A Review and Critique of Machiavelli’s Ideas Based on Transcendent Theosophy
Keywords:
Machiavelli, Transcendental Philosophy (Hikmat al-Muta’aliyah) , Political Realism, Existential Justice, Virtù, Political Theology, Human Transcendence.Abstract
This study aims to examine and critique the foundations of Niccolò Machiavelli’s political thought based on the components of “Transcendent Theosophy.” The central problem of the article is to address the question of how the absence of ontological foundations and teleology in Machiavelli’s perspective led to the reduction of politics to the “art of preserving power,” and how its opposition to the perfection-oriented worldview of Transcendent Theosophy can provide the tools for critiquing this thought. The research method in this study is descriptive-analytical, conducted through the use of sources related to political theology and Sadrian philosophy.

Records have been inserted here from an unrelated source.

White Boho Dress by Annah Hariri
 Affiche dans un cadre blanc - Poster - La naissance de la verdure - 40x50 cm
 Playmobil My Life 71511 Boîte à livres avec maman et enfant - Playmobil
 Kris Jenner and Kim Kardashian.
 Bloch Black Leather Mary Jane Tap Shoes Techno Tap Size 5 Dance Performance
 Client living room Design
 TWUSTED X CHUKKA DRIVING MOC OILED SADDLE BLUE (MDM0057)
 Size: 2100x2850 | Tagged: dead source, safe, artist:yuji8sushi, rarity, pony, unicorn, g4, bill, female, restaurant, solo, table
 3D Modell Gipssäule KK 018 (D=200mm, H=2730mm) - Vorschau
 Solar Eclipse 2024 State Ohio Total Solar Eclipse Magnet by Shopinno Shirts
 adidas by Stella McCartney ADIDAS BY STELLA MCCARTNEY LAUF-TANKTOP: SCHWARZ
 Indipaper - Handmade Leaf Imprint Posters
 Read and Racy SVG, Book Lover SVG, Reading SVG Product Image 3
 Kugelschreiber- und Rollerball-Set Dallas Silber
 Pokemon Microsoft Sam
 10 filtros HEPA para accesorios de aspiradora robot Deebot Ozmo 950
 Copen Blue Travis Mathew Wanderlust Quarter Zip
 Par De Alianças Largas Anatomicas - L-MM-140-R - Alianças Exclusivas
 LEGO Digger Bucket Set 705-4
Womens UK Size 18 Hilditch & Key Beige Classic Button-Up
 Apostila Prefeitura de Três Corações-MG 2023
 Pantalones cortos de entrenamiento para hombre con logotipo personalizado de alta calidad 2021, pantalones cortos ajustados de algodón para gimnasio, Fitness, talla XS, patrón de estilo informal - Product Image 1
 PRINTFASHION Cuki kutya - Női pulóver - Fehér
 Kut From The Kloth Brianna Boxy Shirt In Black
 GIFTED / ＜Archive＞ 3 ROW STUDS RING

The findings of the article indicate that Machiavelli, by adopting a realist approach and a pessimistic anthropology, separated politics from the domain of “virtue and truth.” In contrast, Transcendent Theosophy, by proposing concepts such as the “principiality of existence,” “substantial motion,” and “ontological justice,” redefines governance from a merely mechanical instrument into a ground for “human transcendence and perfection.” The final conclusion of the study indicates that overcoming the structural crises of politics in the modern world requires a transition from “power-centered politics” toward “transcendent politics”; a paradigm in which power is not the ultimate end, but rather a means for the realization of a comprehensive and ontological justice.